NICOSIA ARCHEOLOGICAL MUSEUM

INFORMATION

location:

Nicosia, Cyprus

client:

Department of Public Works
of the Ministry of Transport,
Communications and Works

year:

2017

status:

competition entry

program:

Museum

total area:

16.000m2

competition team: 

Marina Kounavi
Irgen Salianji
Karolina Szóstkiewicz
Roxana Aron
Eugenio Cardoso








DESCRIPTION

Statistic surveys indicate that the majority of visitors in museums are mainly tourists and not people from the local community. This fact raises questions on the different facilities that the museums have to have in order to broaden the spectrum of visitors and being active cultural nodes of a city.

Cyprus is one of the oldest civilizations in the Aegean Sea that is dating back from 3900-2500 BC. Its collection is enormous and will attract people from all around the world. The New Cyprus Museum is aiming to be a meeting point for tourists, academics, students and archeologists in the Mediterranean Sea. The building has to meet the criteria of a contemporary archeological museum and its deign to be innovative in terms of new technologies, research of new curatorial approaches and facilities that could offer.

The museum acts as cultural hub that attracts people to meet, interact and socialize. On a second level, the museum functions as a tourist meeting point, where visitors meet and enjoy a relaxing time, checking out the really big permanent exhibition but also, temporary exhibits, drinking coffee and getting informed for the city’s attractions and happenings.

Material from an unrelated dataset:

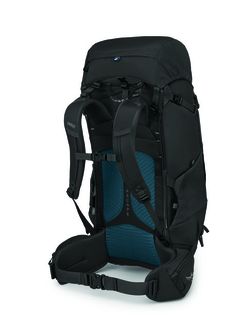 Zaino da trekking OSPREY VOLT 65,  mamba black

The ground based volume is shifted towards the Venetian Walls and the existent museum connecting them with Pedieos river and the extension of the municipal garden. The position of it is creating an urban passage that is the main entrance of the new Cyprus Museum. Subtracting the volume of the urban passage, we are creating a void that is a placeholder for all the interactive and public program of the building. In the same time the void separates the building into two different podiums that they serve separately public and restricted access functions. The exhibition is on the end of these two podiums working as a connector.